We woke up late, of course. The kids were all over tired from our big wedding weekend. Griffin didn't have his lunch packed....Molly's shorts were too short and I made her change...Lanie and Abbie wanted their hair braided.
This kept me busy in the morning. I didn't really have time to process what was happening. I am positive God knew I needed that.
Thanks to my mom (Oma) the kids all sported their new first day of school clothes and shoes.
and just like that....they left me....home...ALONE.
Where has the time gone? I went back this morning and looked at pictures from past years of the first day of school. Look at how much they have all grown up.
It happens. They grow up.
While I have been struggling with letting them grow up, I am also super excited for this new phase of life. I was watching a mom unload kid after kid today in the parking lot. That was me, just a few years ago. I don't know how I made it, but I did. I could only smile as I watched that mom walk in with her 4 small children who seemed just as close as our are. I remember being that mom. My role has just changed now...I am still a their mom.
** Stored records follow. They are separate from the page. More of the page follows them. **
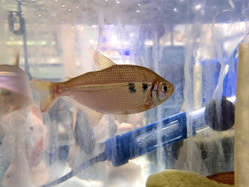 07-0-Copr_2026-Carolina_Aquaticst.jpg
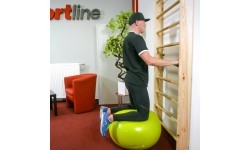 Zviedru vingrošanas siena inSPORTline Steadyline 250x80cm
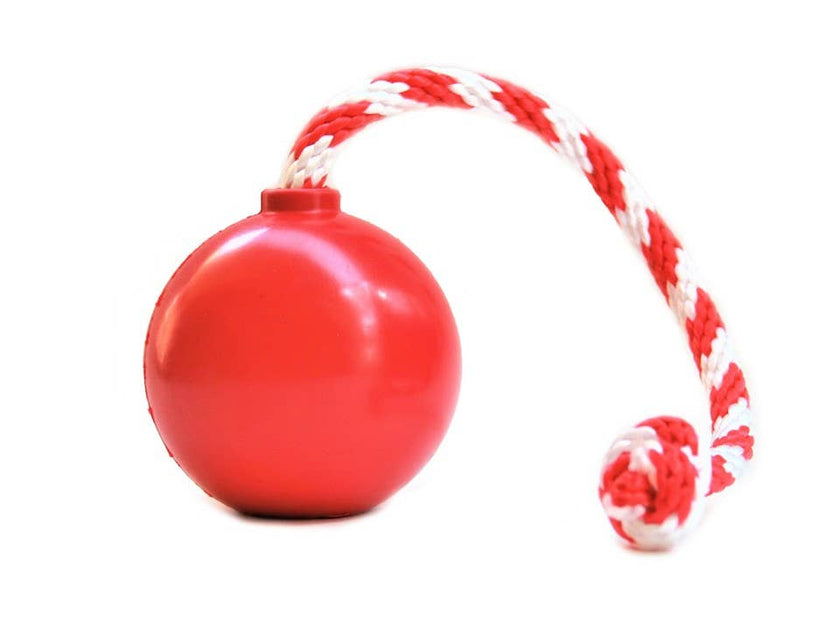 SP USA K9 Cherry Bomb Dog Chew Toy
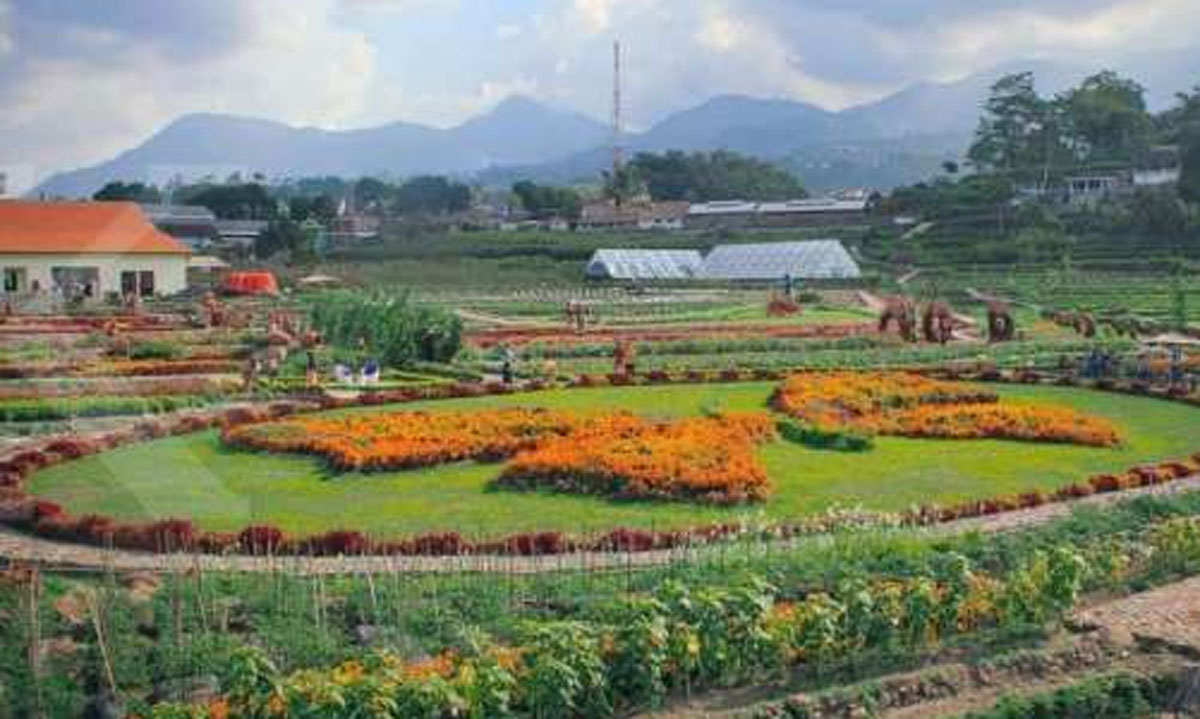 Pesona Kebun Bunga Refugia: Destinasi Agrowisata yang Menawan di Magetan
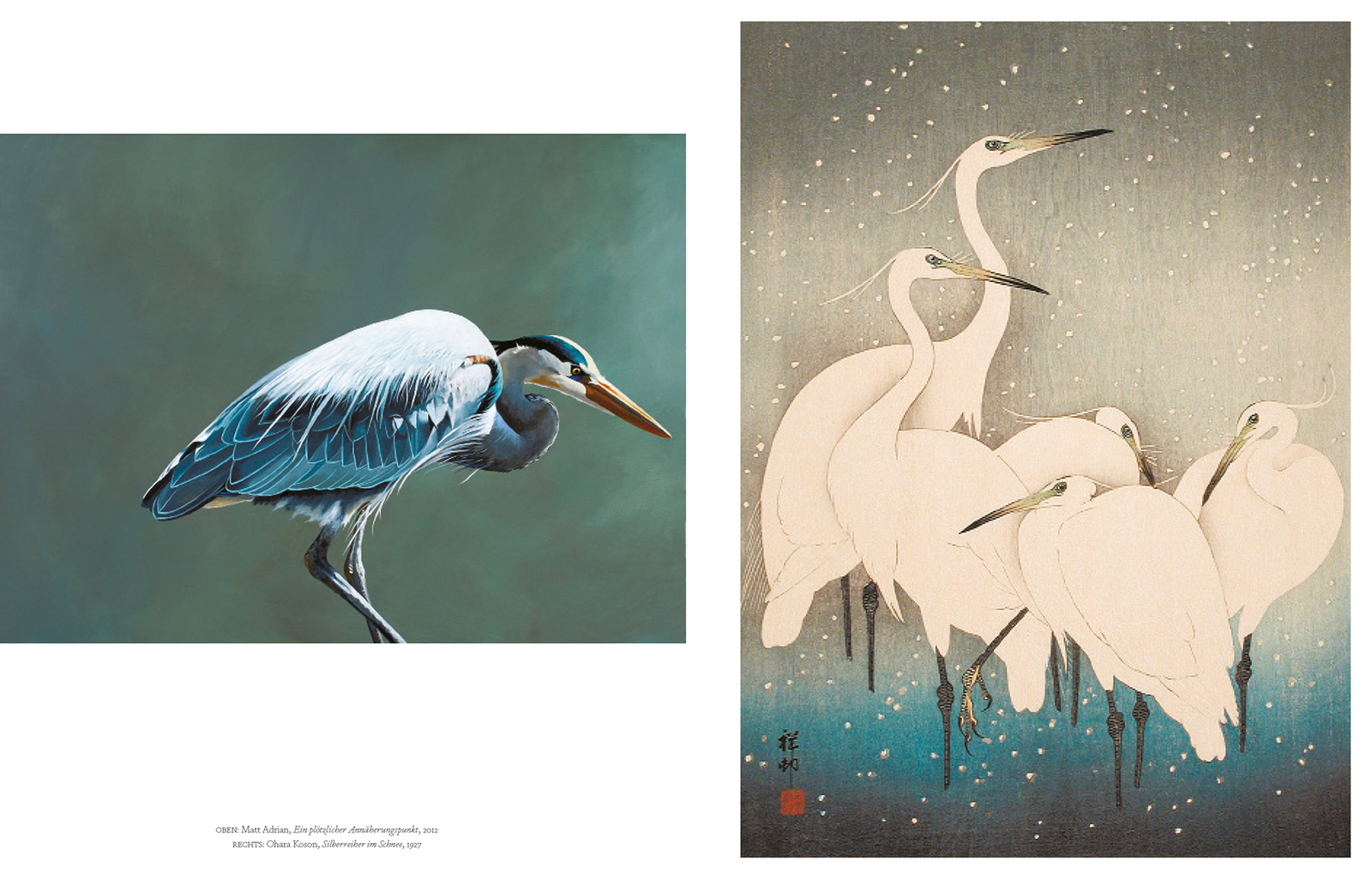 Thumbnail - Vögel In Der Kunst, Angus Hyland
My visions of my first day home alone were nothing like I had built up in my head. There was no cheesecake factory. In fact I woke up to find out that I had run out of my supply of the daily contacts I wear. That left me wearing two different types of contacts in each eye which made my vision a bit interesting! I ran errands, went for a short run, showered and just like that it was time to go back and get the kids.
Everyone had a great first day of school. Homework came home and memory has started. Just like that.
I am so excited for this school year. I have an 8th grader....what? The kids have all been blessed with some of the most amazing teachers on the planet and I couldn't have more trust and faith in them to partner with me and help these crazy kids of mine to turn out semi decent.
I am excited to see what God has in store for me in this new phase of my life too. For 14 years my focus has been on getting the kids to this point. I know we have a long way to go with them, but I am ready to find myself again. To make a difference in the world.
I know I am only on day 2 of being home alone...and it feels weird today. I am enjoying the peace of the moment for now!
and just to help me remember how far we have come....this is what life looked like for us just a few short years ago. I sure do miss those days, but I am so glad to be entering this new phase! For all you moms out there still in this phase....take one day at a time. One day you will be me, looking back and wondering where time has gone!